Halsted Street Arches Over the Chicago River

The Chicago Department of Transportation (CDOT) is undertaking a yearlong project to reconstruct the Halsted Street Bridge over the Chicago River’s North Branch Canal. Long plagued by traffic congestion and dangerous pedestrian conditions, the two-lane crossing will be rebuilt to accommodate two lanes in each direction and dedicated bicycle lanes and sidewalks.

Built in 1909, the existing movable bridge hasn’t been raised in more than 25 years because large boats no longer navigate the canal. “The bridge is the earlier type of bascule bridge,” said Soliman Khudeira, project director for CDOT’s Division of Engineering, referring to its pivoting design. “It is what we classify as ‘functionally obsolete’ because it carries only one lane in each direction, and additional lanes in each direction are justified because of the traffic.”

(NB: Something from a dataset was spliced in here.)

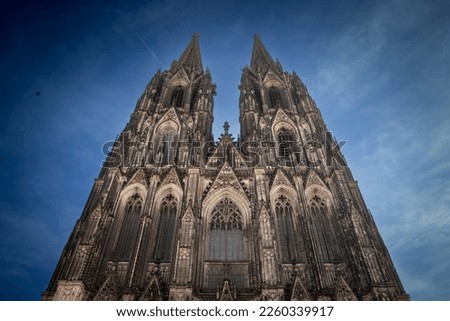 Cologne Cathedral seen from below with blue sky. Cologne Cathedral, or Kolner Dom, is the main landmark of Cologne and a catholic church in Germany.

The bridge has been closed since last month, when construction began on the new span, a simply supported tied-arch design that will widen the bridge’s deck from 60 to 80 feet, replacing the movable steel grating and truss with a new structural slab and built-up steel box-arch ribs, rib bracings, and structural strands. New reinforcement concrete abutments on steel piles will be built in the canal to support the main span.

“The advantage of a tied-arch bridge is that it allows the girders below the deck to be shallower,” said Khudeira. “In addition, any suspension or cable-stayed bridges add substantially to the aesthetic of the area.”

Designed by Chicago-based architecture firm Muller+Muller and infrastructure and engineering firm H.W. Lochner, the new crossing will dramatically improve conditions for bicyclists, who in the past have used sidewalks or shared driving space with cars. Painted bike lanes will connect with existing lanes to the north and south of the bridge, and sidewalks will be separated by a railing. The design looks ahead to the time when Chicago’s Riverwalk will continue to this portion of the canal, with two 34-foot-wide pedestrian tunnels on either side of the bridge. Though these will be closed upon completion, the city expects they will become part of a newly landscaped area in the coming years.

While similar projects have diverted traffic over a temporary structure parallel to the existing span, Halsted Bridge engineers were limited by Com Ed towers on one side and a FedEx center on the other. The construction will close Halsted from Division to Hooker Street and cars and trucks will be detoured—commercial vehicles to the west and all other traffic to the east—for the project’s duration, a plan that is already causing jams.

Nevertheless, the $27 million project points to progress on the Chicago riverfront. Khudeira’s office is already working on two future Division Street bridges that will complement the Halsted Street Bridge design, not to mention its function. “We think the area will improve dramatically, aesthetically,” he said.